Archive for the ‘pre-nuptial agreement’ Category

Transmutation of Separate Property into Marital Property

Sunday, March 23rd, 2014

One of the basic theories in equitable distribution and divorce litigation is that of transmutation. Transmutation theory holds that by their actions, the parties are able to modify the status of the property they own from separate property to marital property. Most of the time transmutation occurs when the parties commingle separate property with marital property or place what otherwise be separate property into both parties’ names.  This was demonstrated in Fehring v. Fehring, 58 A.D.3d 1061 (3rd Dept. 2009), where the money received on account of personal injuries by the husband, would be initially classified as his separate property. However, the husband deposited check in brokerage account held and used jointly by the parties. In January 2006, husband used $50,000 from account to purchase real property. The court held that transferring separate property assets into a joint account raises rebutable presumption that funds are marital property subject to equitable distribution and that the husband failed to rebut presumption of marital property given commingling of funds. It held that the lower court providently exercised discretion in distributing equally the value of interest in real property purchased with funds held in joint account.

Another example of how separate property may become a marital asset was addressed in a recent decision from the Appellate Division, Fourth Department. In Foti v. Foti, 2014 N.Y. Slip Op 00835 (4th Dept. 2014), defendant received several pieces of real property as gift from her father. Subsequently, tax losses associated with those properties were taken on the parties’ joint income tax returns. The court held that there was a question of fact whether defendant commingled her interests in the entities with marital property and whether a joint federal tax return in which defendant reported her interest in the entities as tax losses, precluded her from taking “a position contrary to a position taken in an income tax return”.

Unfortunately, the Foti decision does not give us enough facts to find out exactly what the tax returns stated. Nonetheless, this shows that even a seemingly innocuous act of filing a tax return may change the status of the property. In my view, decisions like this one, could have been prevented if the parties had signed either a prenuptial or a postnuptial agreement. If you are contemplating divorce, be careful to avoid taking any action that converts your separate property to marital property. Once transmutation takes place, it is highly unlikely that you would be able to change the property’s status back to separate property, even with a lawyer’s assistance.

Validity of Prenuptial Agreements in New York

Sunday, March 24th, 2013

I have previously written about prenuptial agreements and issues associated with them. Generally, in New York, a prenuptial agreement may be overturned only if the party challenging the agreement sustains the burden of proof, demonstrating that the agreement was the product of fraud, duress, or it was improperly executed.

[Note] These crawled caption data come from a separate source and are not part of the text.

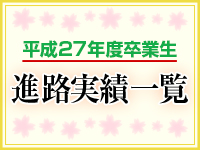 平成27年度卒業生進路実績一覧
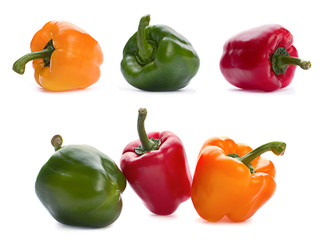 Tricolor pepper set
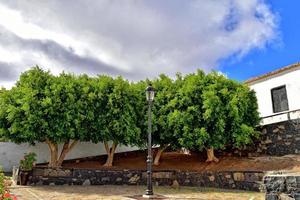 Landschaften von das historisch Stadt, Dorf von Betankurie auf Fuerteventura, Spanien foto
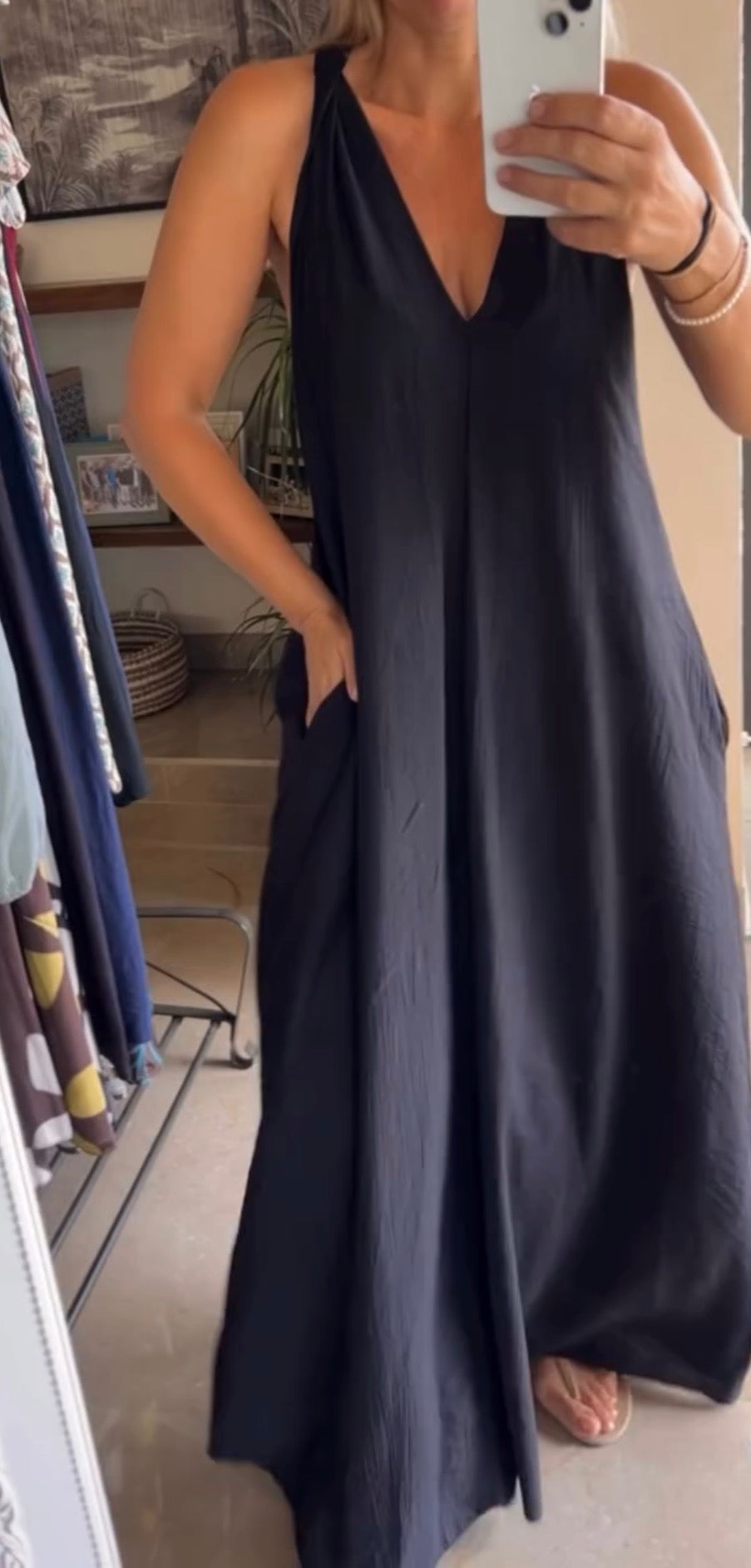 Vestido xoco arrugado tirante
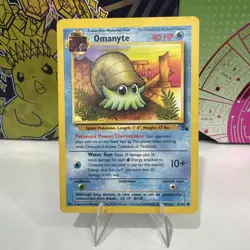 Pokemon TCG Fossil #52/62 Omanyte LP - Image 1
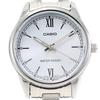 CASIO Casio Cheap Casio Quartz Analog Watch Stainless Steel Metal Silver Sky Blue Women's LTP-V005D-2B3 [Used]
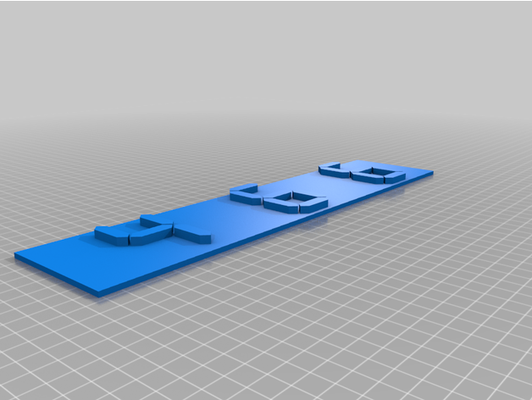 my personalizado segmento dígitos in openscad by mutleymcladd 3d print model - Mito3D
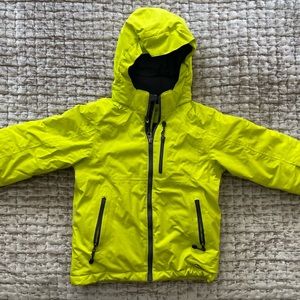 LL Bean boys neon yellow ski coat size 5/6 kids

In order to prove coercion or duress, a party must establish that he or she was somehow pressured into signing the agreement.  The threat that there will be no marriage unless the agreement is signed is not duress according to numerous court decisions.  If both of the parties were independently represented by counsel, and the agreement was the product of arm’s length negotiations, it may be nearly impossible to prove that the prenuptial agreement was procured by duress.

However, a recent appellate decision, Cioffi-Petrakis v. Petrakis, 2013 N.Y. Slip. Op. 01057 (2nd Dept. 2013), broke with the long-established line of cases and upheld a Long Island judge’s decision to void an prenuptial agreement that the wife of a millionaire says she was forced into signing by false promises made by her husband-to-be, 4 days before the wedding. The wife claimed that she believed her husband to be when he told her orally that his lawyers had made him get a prenuptial agreement signed to protect his business and promised to destroy the document once they had children and put her name on the deed to the house. She also claimed that her future husband gave her an ultimatum four days before the wedding for which her father had already paid $40,000, telling her to sign the document or it wouldn’t occur.

While the appellate decision is extremely brief, the trial decision is fairly detailed and provided the facts stated above. The key factor according to the trial judge was what he called a fraudulently induced contract and detrimental reliance on the part of the wife. Fraudulent inducement was the oral promise made by the husband to be and, according to the trial court, the bride relied upon that promise. However, most agreements in New York provide that the parties are only relying on the written representations contained in the agreement, and they are not relying on promises or representations not contained in the prenuptial agreement.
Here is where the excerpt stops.